Chapter 1: What Is Work?

1. Who gave you your first job? What kind of job was it? How much money did you make? I started babysitting for children of my parent's friends as soon as I could be left alone with children. I especially liked the night time jobs with families who expected their children to go to bed early. There was this one family---I can't remember the kids' names, but they had a German shepherd called Shaka---whose kids went to bed at 8:00. After I put the kids to bed, Shaka and I would crash on the living room floor and watch The Sound of Music on VHS. This was back in the day when few of us had a VCR, cable was in its infancy, and you waited a whole year for one of the networks to air The Sound of Music (and The Wizard of Oz, and that trippy animated The Hobbit). I loved having my own money to spend on Duran Duran tapes, Bop magazine, and white lace fingerless gloves.
The summer between freshmen and sophomore years my parents moved us to Illinois, from Tucson to the small town (pop. 1800) where my dad grew up. I was 14 when we moved and turned 15 soon after, but still too young to work. Sometime during that first year my parents consented to a work permit and I took a job at the local library: shelving, checking out, organizing, and performing other clerical duties. I loved that job. I loved how quiet it was in the library; I loved reading picture books as I organized the children's section; I loved that the ladies who worked there didn't think I was a dork (in retrospect, I realize they were something of town outcasts themselves). But I didn't work there long, even though I loved it. As soon as I turned 16 I got a job waiting tables at a restaurant on the square, uptown. And I loved that, too.
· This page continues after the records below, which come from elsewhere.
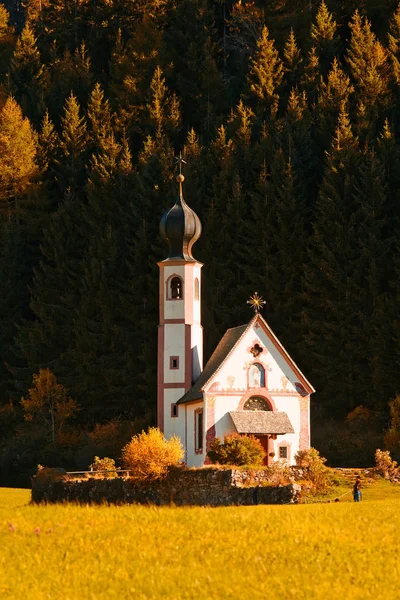 Capilla de St. Johann en Funes Valley, popular destino de viajes en —  Fotos de Stock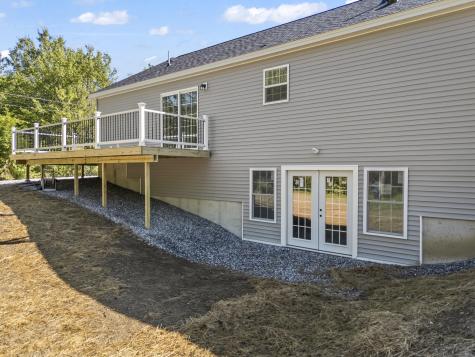 744 Ridge Road Bowdoinham ME 04008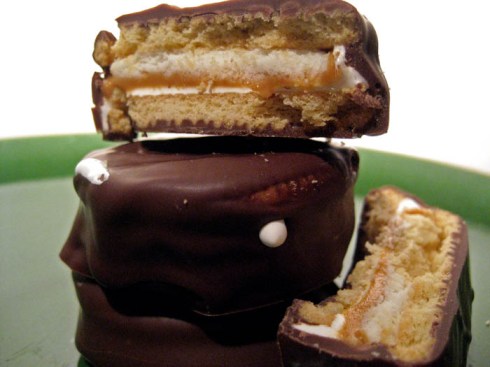 Fluffernutter Oreo Moon Pies | Adventures of a Hungry Redhead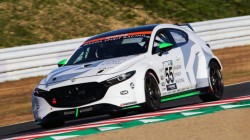 Une Mazda 3 version Gr.4 bientôt sur GT7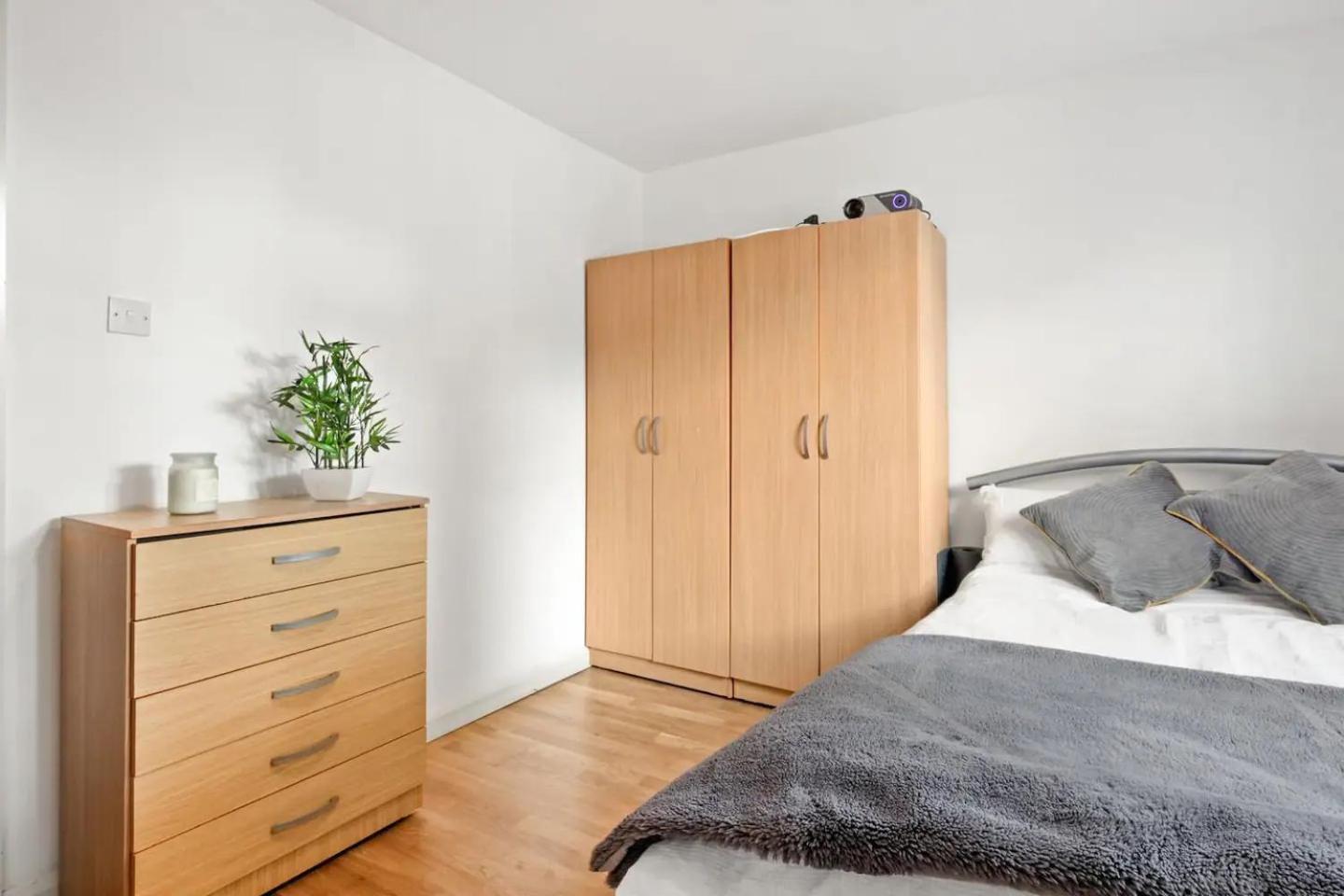 Warwick Avenue Hububb * Londen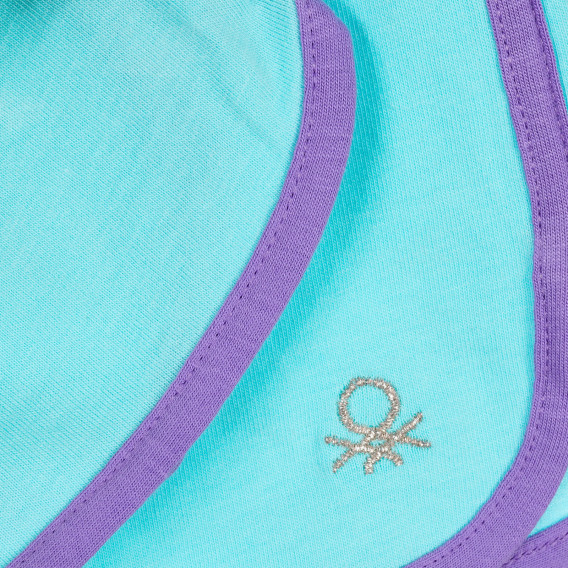 Памучни къси панталони със лилави кантове за бебе, светло сини Benetton 221559 3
2. From looking at your work life so far, what has been of the greatest value or worth? I'd say most significantly my work life has been characterized by a suppression of ego. I've always worked in the service industry: librarian, server, electronic prepress/graphic designer, teacher. In those industries the needs of the provider are always subsumed by the needs of the client. I've learned to be good at what I do and still retain a fairly positive self-image.

3. If your job changes, does your purpose change? No.

4. Do you think your current job will exist five years from now?
Yes. There will still be preschool teachers, just maybe not gigging at my current venue.
5. What would be the key characteristics of an ideal job or career? Early childhood educators are woefully undercompensated. An ideal career, for me, still involves service. Helping others reach their full potential is necessary for me to reach mine. An ideal career would compensate me adequately for the work I do, with other necessities (insurance; mental health/wellness) considered.

6. When you daydream, what do you see yourself doing? I see myself smiling and reacting warmly to others. Often I see myself alone, but I think that's in my leisure hours. I see animals and children and I'm almost always outdoors.

7. What have been the happiest, most fulfilling moments in your life? I get a real sense of satisfaction guiding trepidatious children through their first days of preschool. Some kids come in and immediately own the playground. Other kids come in and they're completely overwhelmed. I love helping those kids acknowledge their fear (acknowledge, not deny), find something they enjoy, like digging in the sand or coloring a picture or examining tiny rocks, and engaging them in that activity. I like working in partnership. That's how I approach my work with kids, even my son. That makes me happy.

8. If nothing changed in your life in the next 5 years, would that be OK? No.